From: Stefano Garzarella <sgarzare@redhat.com>
To: Bobby Eshleman <bobbyeshleman@gmail.com>
Cc: "David S. Miller" <davem@davemloft.net>,
Eric Dumazet <edumazet@google.com>,
Jakub Kicinski <kuba@kernel.org>,
Paolo Abeni <pabeni@redhat.com>, Simon Horman <horms@kernel.org>,
Stefan Hajnoczi <stefanha@redhat.com>,
Shuah Khan <shuah@kernel.org>,
Bobby Eshleman <bobbyeshleman@meta.com>,
"Michael S. Tsirkin" <mst@redhat.com>,
virtualization@lists.linux.dev, netdev@vger.kernel.org,
linux-kernel@vger.kernel.org, kvm@vger.kernel.org,
linux-kselftest@vger.kernel.org,
Daan De Meyer <daan.j.demeyer@gmail.com>
Subject: Re: [PATCH net] vsock: lock down child_ns_mode as write-once
Date: Wed, 18 Feb 2026 11:43:42 +0100 [thread overview]

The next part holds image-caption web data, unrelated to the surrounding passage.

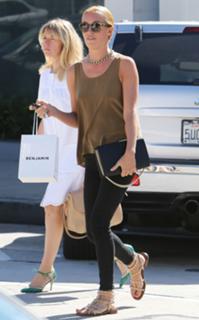 Cat Deeley feet photo thumbnail
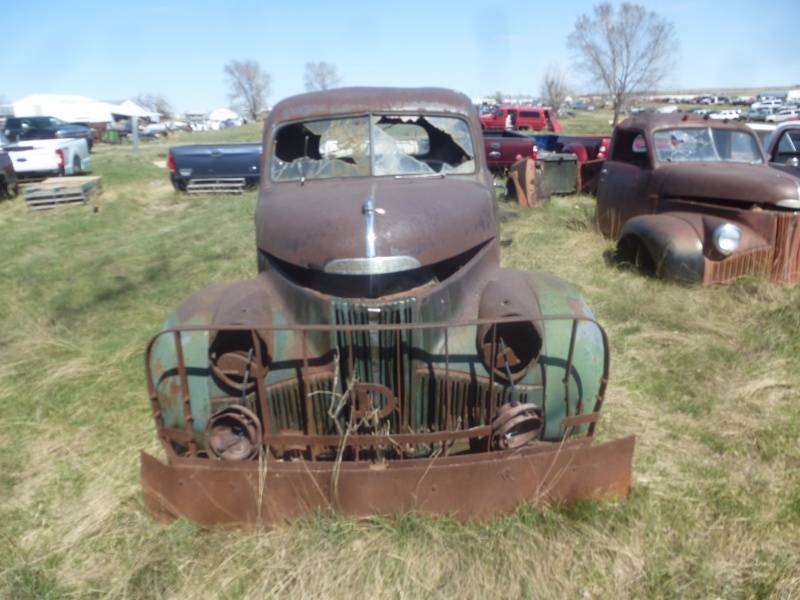 lot 20 image: 1941- 1948 Studebaker Truck Body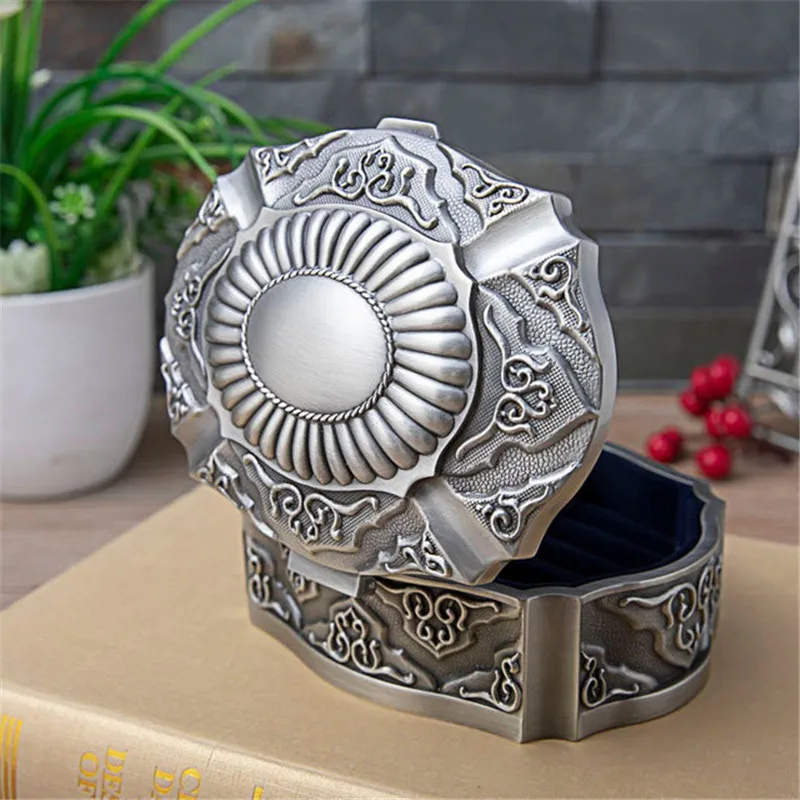 European Style Metal Sun Flower Jewelry Box Retro Elegant Storage Box Necklace Ring Bracelet Jewelry Box Organizer For Women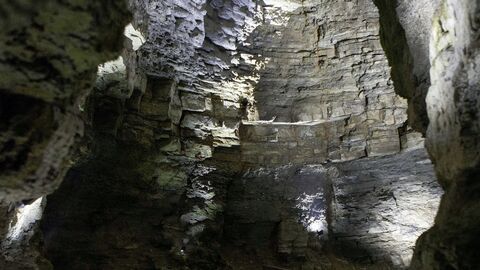 Tropfsteinhöhle mit Stufen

Message-ID: <aZWUmbiH11Eh3Y4v@sgarzare-redhat> (raw)
In-Reply-To: <aZV6HRAIsf_rNRM2@sgarzare-redhat>
On Wed, Feb 18, 2026 at 11:02:02AM +0100, Stefano Garzarella wrote:
>On Tue, Feb 17, 2026 at 05:45:10PM -0800, Bobby Eshleman wrote:
>>From: Bobby Eshleman <bobbyeshleman@meta.com>
>>
>>To improve the security posture of vsock namespacing, this patch locks
>>down the vsock child_ns_mode sysctl setting with a write-once policy.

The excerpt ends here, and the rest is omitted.